Denys succéda à Sixte (259), et il vit l'Eglise jouir quelque temps d'une heureuse trêve par l'influence de Cornelia Salonina, femme de l'empereur Gallien, qui était chrétienne et parvint à arrêter la persécution. Nous avons signalé tout à l'heure la tombe d'un Saloninus, visible encore près du tombeau de saint Cornélius, au cimetière de Lucine. La sépulture de Denys eut lieu dans la crypte papale, ainsi que celle de son successeur Félix (269), comme en fait preuve l'inscription de Sixte III. Eutychien, qui succéda à Félix (275), vint reposer auprès d'eux, et son épitaphe est une de celles qu'a retrouvées M. de Rossi. Caïus, qui siégea ensuite (283), fut inhumé pareillement dans la crypte cécilienne ; mais ses deux successeurs Marcellin et Marcel furent ensevelis au cimetière de Priscille.
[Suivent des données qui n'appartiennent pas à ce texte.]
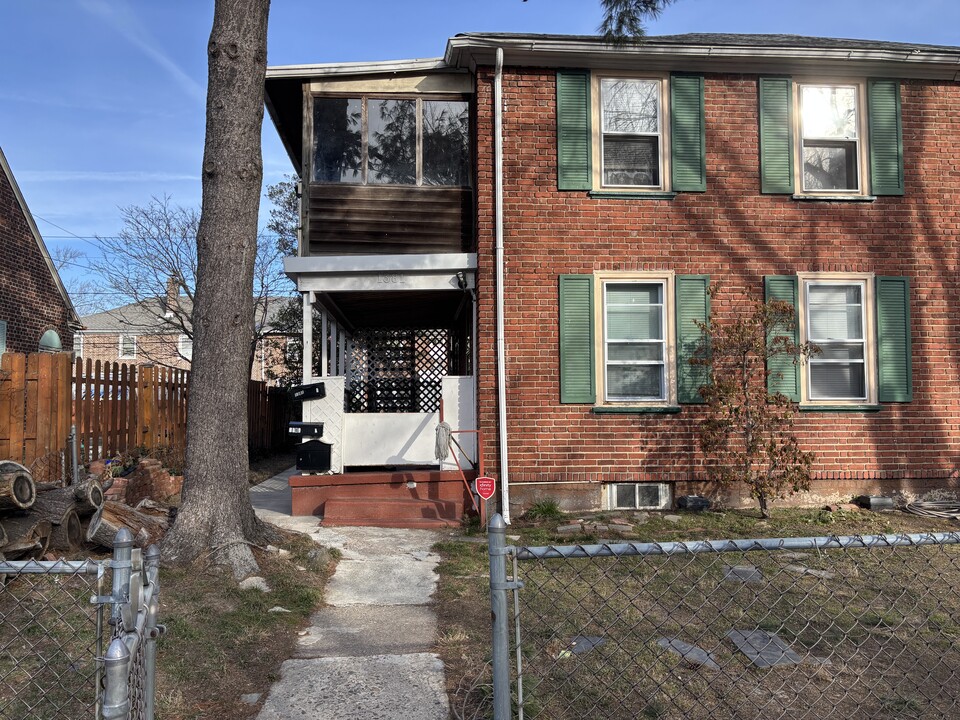 1381 N Chesapeake Rd, Unit 1 in Camden, NJ - Building Photo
A cette époque figure une troisième Lucine, non moins zélée pour l'Eglise que les deux premières ; mais on ne voit pas que son nom soit lié avec le cimetière primitif de la voie Appienne. Un trait qui se rapporte à la persécution de Dioclétien, et que nous ne devons pas omettre dans la recherche que nous faisons des monuments chrétiens de cette voie, est la sépulture du grand martyr Sébastien près du puits au fond duquel avaient été cachés les corps des saints apôtres. C'est là aussi que la troisième Lucine fut inhumée, à la suite d'une vie toute consacrée au service de l'Eglise.
Au commencement du quatrième siècle, nous trouvons encore deux papes, saint Eusèbe et saint Melchiade, ensevelis au cimetière de Calliste ; mais leurs corps ne furent pas déposés dans la crypte papale, sans doute encore inaccessible par suite des mesures qu'on avait dû prendre pour en interdire l'entrée aux païens, durant les années orageuses de la persécution. Ils eurent chacun leur cubiculum particulier, et celui de saint Eusèbe, heureusement retrouvé, garde encore les traces de son élégante ornementation.
A la suite de ces vicissitudes, Rome souterraine et les cryptes de la voie Appienne en particulier entendirent proclamer la paix de l'Eglise. L'édit de Milan rendait la liberté à leurs sentiers et la sécurité à leurs sanctuaires. Par les ordres de Constantin, la croix paraissait au grand jour ; mais nul n'ignorait dans tout l'Empire, nul homme de bonne foi ne pouvait disconvenir, qu'une telle victoire était due au courage et au sang des martyrs.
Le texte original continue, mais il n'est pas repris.